Below is some data. Retype exactly the lines starting at the one with "24863 Springbluff Valley" and ending at the one with "Kitchen with dark".

Exercise material:

———

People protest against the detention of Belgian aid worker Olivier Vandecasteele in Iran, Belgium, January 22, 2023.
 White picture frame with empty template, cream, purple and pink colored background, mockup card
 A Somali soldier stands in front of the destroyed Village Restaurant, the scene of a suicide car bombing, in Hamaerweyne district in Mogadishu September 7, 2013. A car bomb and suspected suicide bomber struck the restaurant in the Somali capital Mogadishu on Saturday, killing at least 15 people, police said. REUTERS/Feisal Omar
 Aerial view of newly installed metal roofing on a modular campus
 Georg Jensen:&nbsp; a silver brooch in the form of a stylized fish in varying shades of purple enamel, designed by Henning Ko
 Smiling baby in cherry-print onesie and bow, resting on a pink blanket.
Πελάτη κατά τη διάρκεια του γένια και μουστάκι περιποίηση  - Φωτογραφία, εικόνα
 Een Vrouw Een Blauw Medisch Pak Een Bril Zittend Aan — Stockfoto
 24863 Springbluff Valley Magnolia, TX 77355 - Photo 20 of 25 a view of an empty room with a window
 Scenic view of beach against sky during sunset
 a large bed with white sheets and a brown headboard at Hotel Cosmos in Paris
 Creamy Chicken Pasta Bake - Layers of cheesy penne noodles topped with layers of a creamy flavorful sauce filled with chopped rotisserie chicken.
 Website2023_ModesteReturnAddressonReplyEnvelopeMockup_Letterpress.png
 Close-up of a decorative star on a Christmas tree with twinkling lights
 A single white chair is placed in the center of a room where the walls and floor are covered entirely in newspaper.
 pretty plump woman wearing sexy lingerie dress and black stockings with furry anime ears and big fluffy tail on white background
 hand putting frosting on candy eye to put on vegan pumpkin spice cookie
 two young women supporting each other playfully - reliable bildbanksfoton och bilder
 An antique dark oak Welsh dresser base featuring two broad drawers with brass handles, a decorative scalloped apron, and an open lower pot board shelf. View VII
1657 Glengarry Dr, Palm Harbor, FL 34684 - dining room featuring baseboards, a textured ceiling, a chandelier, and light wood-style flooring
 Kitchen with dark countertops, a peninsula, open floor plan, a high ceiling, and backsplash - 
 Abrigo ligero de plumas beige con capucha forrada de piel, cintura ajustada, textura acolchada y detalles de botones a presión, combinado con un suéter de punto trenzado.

———

Exercise result:
 24863 Springbluff Valley Magnolia, TX 77355 - Photo 20 of 25 a view of an empty room with a window
 Scenic view of beach against sky during sunset
 a large bed with white sheets and a brown headboard at Hotel Cosmos in Paris
 Creamy Chicken Pasta Bake - Layers of cheesy penne noodles topped with layers of a creamy flavorful sauce filled with chopped rotisserie chicken.
 Website2023_ModesteReturnAddressonReplyEnvelopeMockup_Letterpress.png
 Close-up of a decorative star on a Christmas tree with twinkling lights
 A single white chair is placed in the center of a room where the walls and floor are covered entirely in newspaper.
 pretty plump woman wearing sexy lingerie dress and black stockings with furry anime ears and big fluffy tail on white background
 hand putting frosting on candy eye to put on vegan pumpkin spice cookie
 two young women supporting each other playfully - reliable bildbanksfoton och bilder
 An antique dark oak Welsh dresser base featuring two broad drawers with brass handles, a decorative scalloped apron, and an open lower pot board shelf. View VII
1657 Glengarry Dr, Palm Harbor, FL 34684 - dining room featuring baseboards, a textured ceiling, a chandelier, and light wood-style flooring
 Kitchen with dark countertops, a peninsula, open floor plan, a high ceiling, and backsplash - 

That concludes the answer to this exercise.